Het Verwaltungsgerichtshof Baden-Württemberg (hoogste bestuursrechter van de deelstaat Baden-Württemberg, Duitsland) is van oordeel dat het door hem gepleegde feit niet kan worden beschouwd als een dwingende reden van openbare veiligheid in de zin van de richtlijn. Vanuit dit oogpunt zou hij dus verhoogde bescherming tegen verwijdering kunnen genieten.

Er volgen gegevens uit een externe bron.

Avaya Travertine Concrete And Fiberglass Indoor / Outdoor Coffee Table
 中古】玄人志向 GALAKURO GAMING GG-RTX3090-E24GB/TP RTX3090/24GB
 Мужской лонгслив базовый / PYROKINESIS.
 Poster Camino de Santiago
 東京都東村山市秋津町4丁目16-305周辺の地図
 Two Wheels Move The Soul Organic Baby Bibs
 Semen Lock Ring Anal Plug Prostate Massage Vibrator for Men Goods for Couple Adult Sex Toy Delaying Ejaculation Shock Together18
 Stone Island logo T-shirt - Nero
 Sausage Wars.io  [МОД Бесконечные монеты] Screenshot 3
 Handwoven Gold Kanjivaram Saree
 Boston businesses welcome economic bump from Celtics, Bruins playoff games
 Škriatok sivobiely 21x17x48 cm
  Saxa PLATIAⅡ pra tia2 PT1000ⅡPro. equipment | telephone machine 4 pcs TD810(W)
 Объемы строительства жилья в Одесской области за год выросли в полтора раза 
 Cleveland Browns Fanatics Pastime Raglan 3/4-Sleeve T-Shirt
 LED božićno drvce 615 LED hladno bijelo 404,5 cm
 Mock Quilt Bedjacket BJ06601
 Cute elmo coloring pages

Het Verwaltungsgerichtshof Baden-Württemberg heeft evenwel twijfels met betrekking tot de mogelijkheid om die bescherming toe te kennen, aangezien hij sinds 12 april 2013 gevangen zit.
Daarom vraagt het aan het EU-Hof of de duurzame vestiging van een Unieburger in een gastland en het ontbreken van enige band met de lidstaat waarvan die burger de nationaliteit bezit, voldoende zijn om vast te stellen dat de belanghebbende verhoogde bescherming in de zin van de richtlijn kan genieten.
Geleidelijke verhoging van de bescherming tegen verwijdering
In zijn arrest herinnert het EU-Hof er allereerst aan dat in de richtlijn is voorzien in een graduele verhoging van de bescherming tegen verwijdering die verband houdt met de mate van integratie door de betrokken EU-burger in het gastland. Een burger die een duurzaam verblijfsrecht heeft, kan worden verwijderd om „ernstige redenen van openbare orde of openbare veiligheid”, terwijl een burger die kan bewijzen dat hij gedurende de laatste tien jaar in het land verbleven heeft slechts kan worden verwijderd om „dwingende redenen van openbare veiligheid”. Hieruit volgt volgens het EU-Hof dat een EU-burger slechts in aanmerking komt voor dit verhoogde beschermingsniveau dat verband houdt met een verblijf van tien jaar in het gastland, voor zover hij eerst voldoet aan de voorwaarde dat hem het lagere beschermingsniveau is toegekend, dat wil zeggen voor zover hij beschikt over een duurzaam verblijfrecht op grond van een ononderbroken rechtmatig verblijf van vijf jaar in die lidstaat.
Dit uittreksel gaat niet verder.